[Saved data entries]
:::

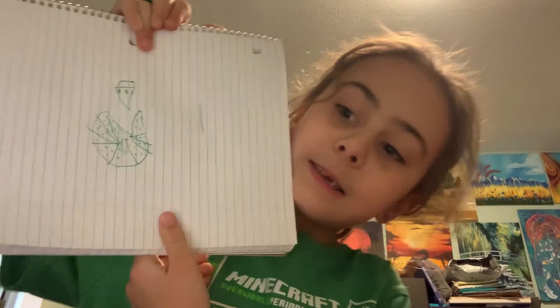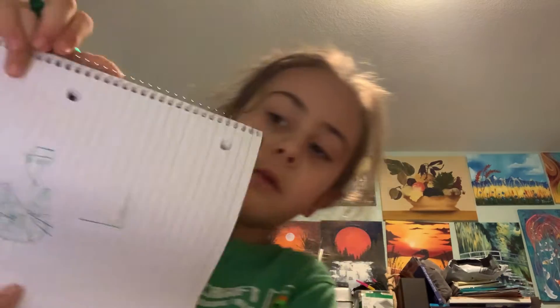So for our second thing, we're going to draw a line like this and do that. Then we're going to draw two lines down like this and then do the same on the other side. And then we're going to draw a line under the pizza and do that.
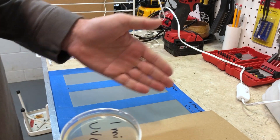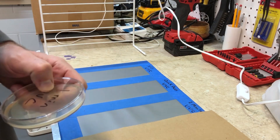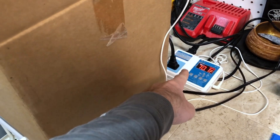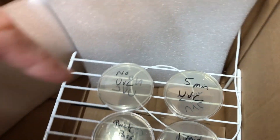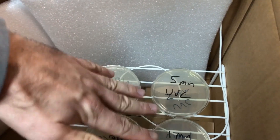Now that the one-minute exposure is done, I'm going to do the exact same thing on the other panel for five minutes. Then we'll put them in the incubator. This is my incubation box — an inline thermostat, a heat mat in a box, with the dishes sitting on a rack and a temperature probe on top of the rack to maintain temperature.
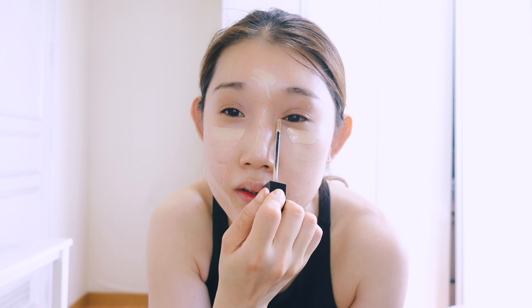It's better to use a tinted sunscreen before applying concealer, instead of just plain sunscreen. I'm gonna apply this to my nose and forehead area. I'm gonna blend it in using my macaron sponge — I got it from Daiso, it's so cute.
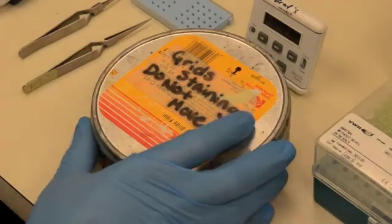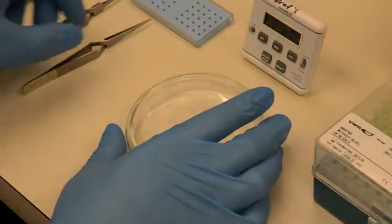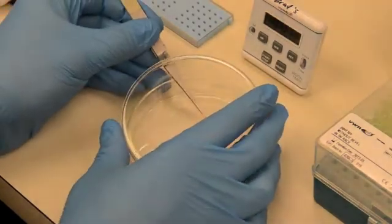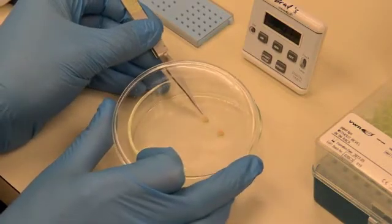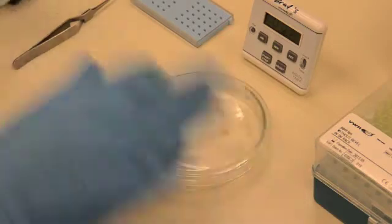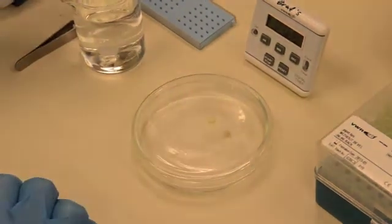Once the desired stain time approaches, remove the dark lid and get ready to rinse. Lift the petri dish lid and remove the first grid as close to the stain time as possible, and quickly place the grid into the first wash beaker. Wash the grid by moving it quickly up and down at least 25 times.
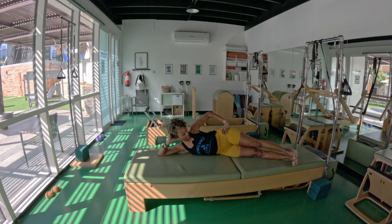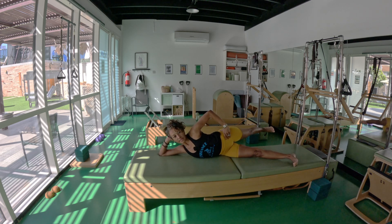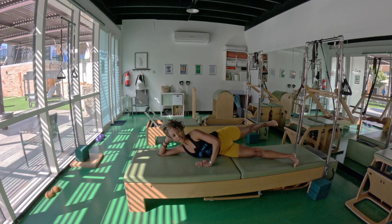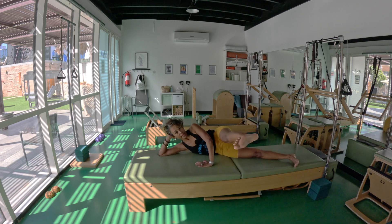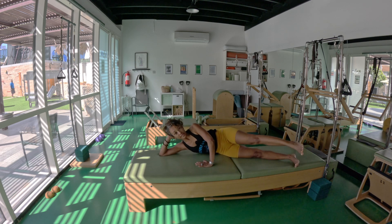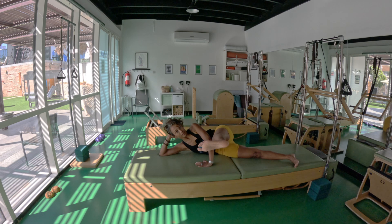Side leg kicks — stacking the hips bone on bone. Lift the ribs, elbow up. Inhale, pick the right leg — one, two, point back, back, flex. Inhale, one, two, point back, back, inhale. Exhale, two, exhale — breathe in, exhale, two more, exhale, last breath, exhale.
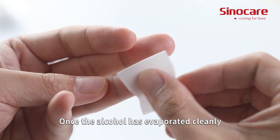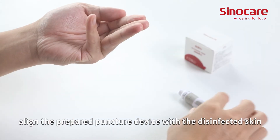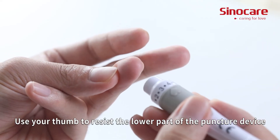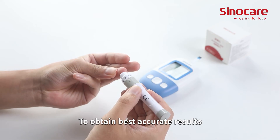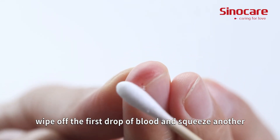Once the alcohol has evaporated cleanly, align the prepared puncture device with the disinfected skin and press the button to collect the blood. Use your thumb to resist the lower part of the puncture device to help the blood draw. To obtain the best accurate results, wipe off the first drop of blood and squeeze another.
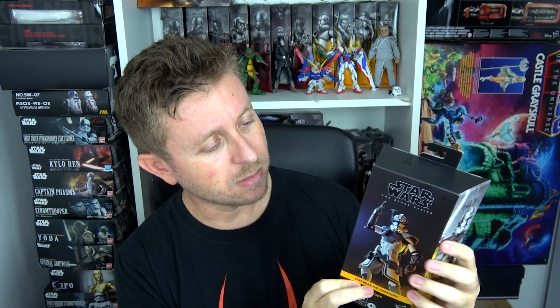Next up is Clone Commander Jesse. Clone Commander Jesse uses practically the same body and mold that we saw before with Arc Trooper Echo, but this time it's Jesse with a different head sculpt, the tattoo, and a different helmet. We all know the story about that visor on the helmet that is not accurate to the show, but it is what it is. Jesse is now part of my collection.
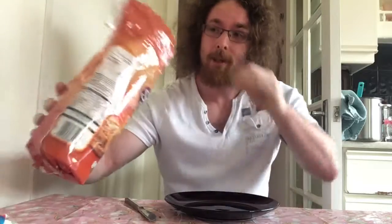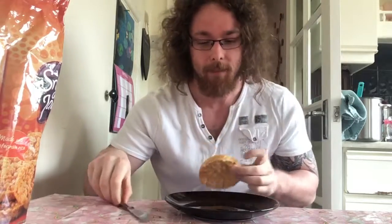Hi guys, Tom Morrison here and I'm going to give you a recipe for a healthy snack. Now this is a simple rice cake which only has 51 calories in it. So rice cake, pretty darn healthy.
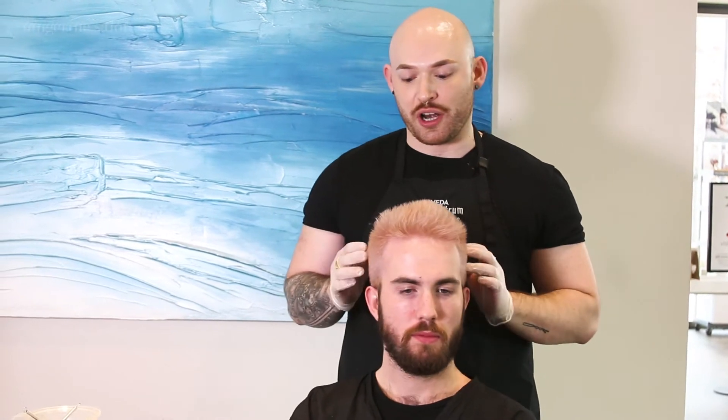So we toned John's hair after we rinsed out the bleach, and now you can see it's a beautiful platinum color. We are going to go back in and recolor what we want to see. I have an awesome formula — I'm going to kind of play off the Pantone color of the year, which is greenery. So we're going to do some kind of play on two different tones of green. Stay tuned and we'll let you see what we got.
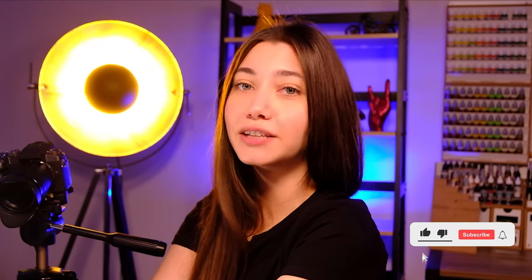Thank you for watching, guys. If you liked the video, don't forget to smash the like button and let me know in the comment section what you think of it.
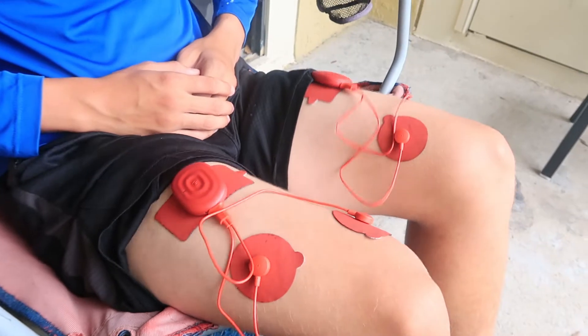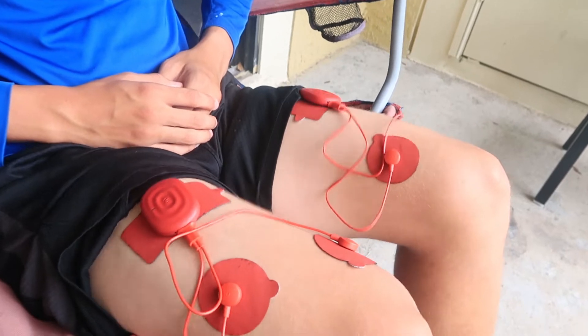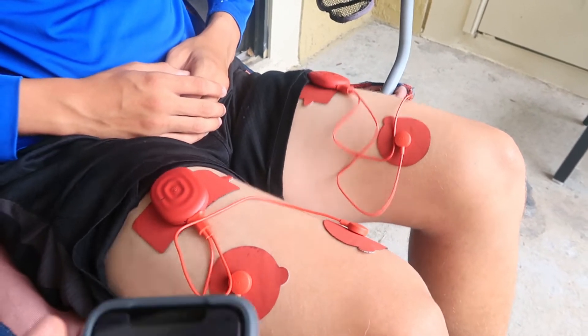During that whole 19 minutes, it's going to take him through different patterns of electrical stimulation that do different things to the muscles. That's why it's so good for me — because since I can't do it myself, this is doing it for me for now.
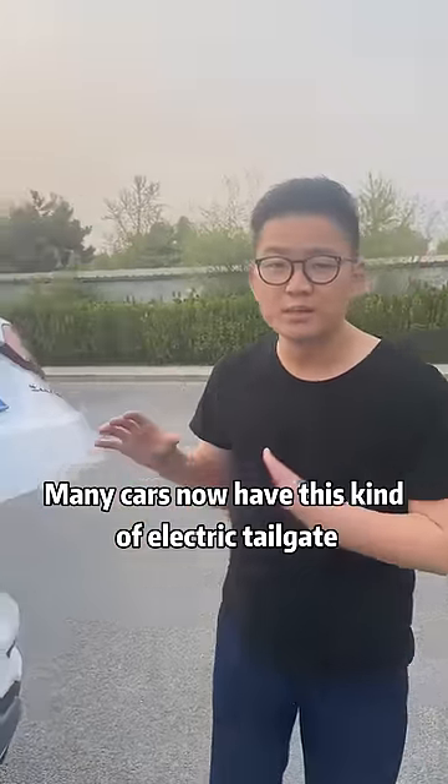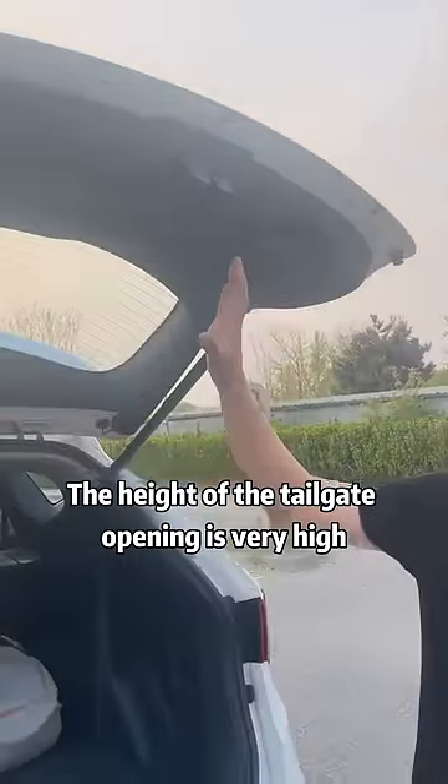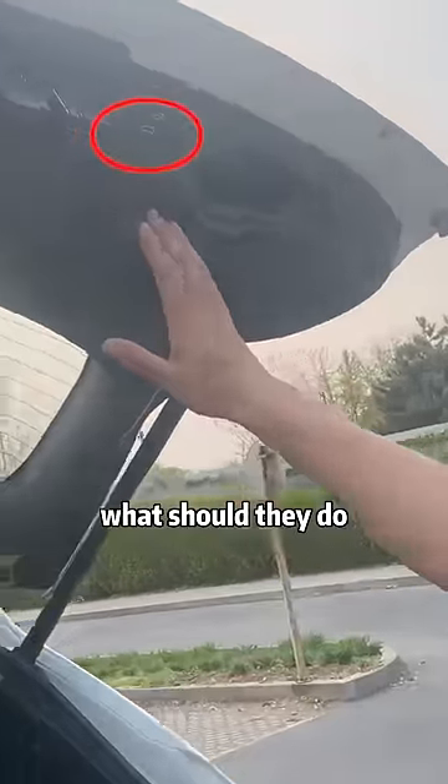Many cars now have this kind of electric tailgate, but some cars are very unreasonably designed. The height of the tailgate opening is very high, and many relatively small people or small girls can't reach the close button at all. What should they do?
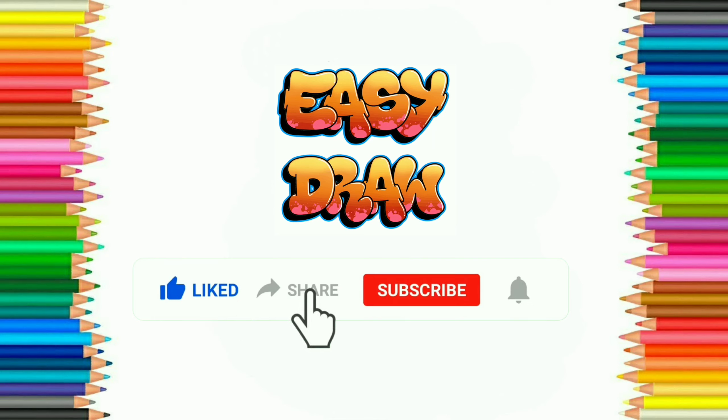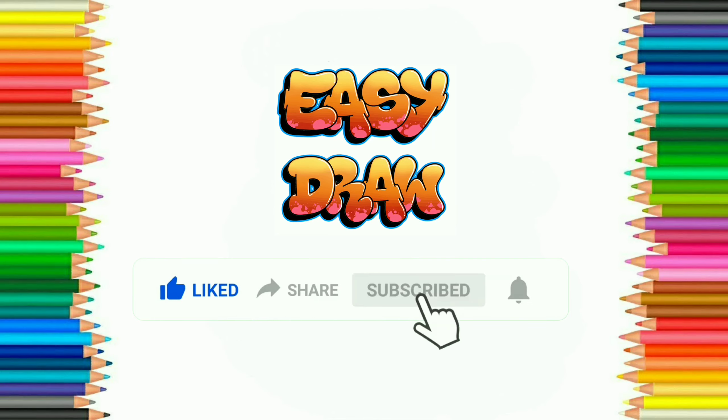Subscribe to Easy Draw YouTube channel and press the bell icon to get notification of our next videos. Thank you.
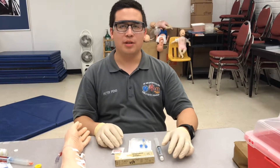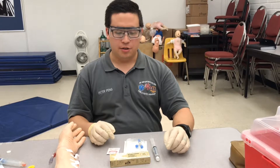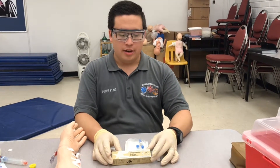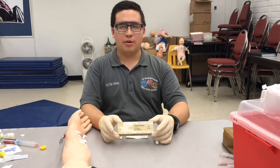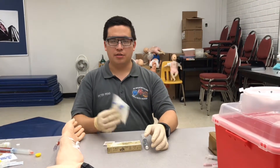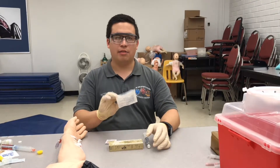I'm going to demonstrate how to administer push-dose epi. Push-dose epi is typically used for non-traumatic hypotension. First we're going to start by diluting our pre-load of epinephrine, and then I'll show you how to administer it using a three-way stopcock.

:::

» **Instructions for the task**
Begin with the first line of the records and repeat every line up to the one with "It's better to", counting that line too. Pictures are not part of the copy.

» **Your solution**
So for our second thing, we're going to draw a line like this and do that. Then we're going to draw two lines down like this and then do the same on the other side. And then we're going to draw a line under the pizza and do that.
Now that the one-minute exposure is done, I'm going to do the exact same thing on the other panel for five minutes. Then we'll put them in the incubator. This is my incubation box — an inline thermostat, a heat mat in a box, with the dishes sitting on a rack and a temperature probe on top of the rack to maintain temperature.
It's better to use a tinted sunscreen before applying concealer, instead of just plain sunscreen. I'm gonna apply this to my nose and forehead area. I'm gonna blend it in using my macaron sponge — I got it from Daiso, it's so cute.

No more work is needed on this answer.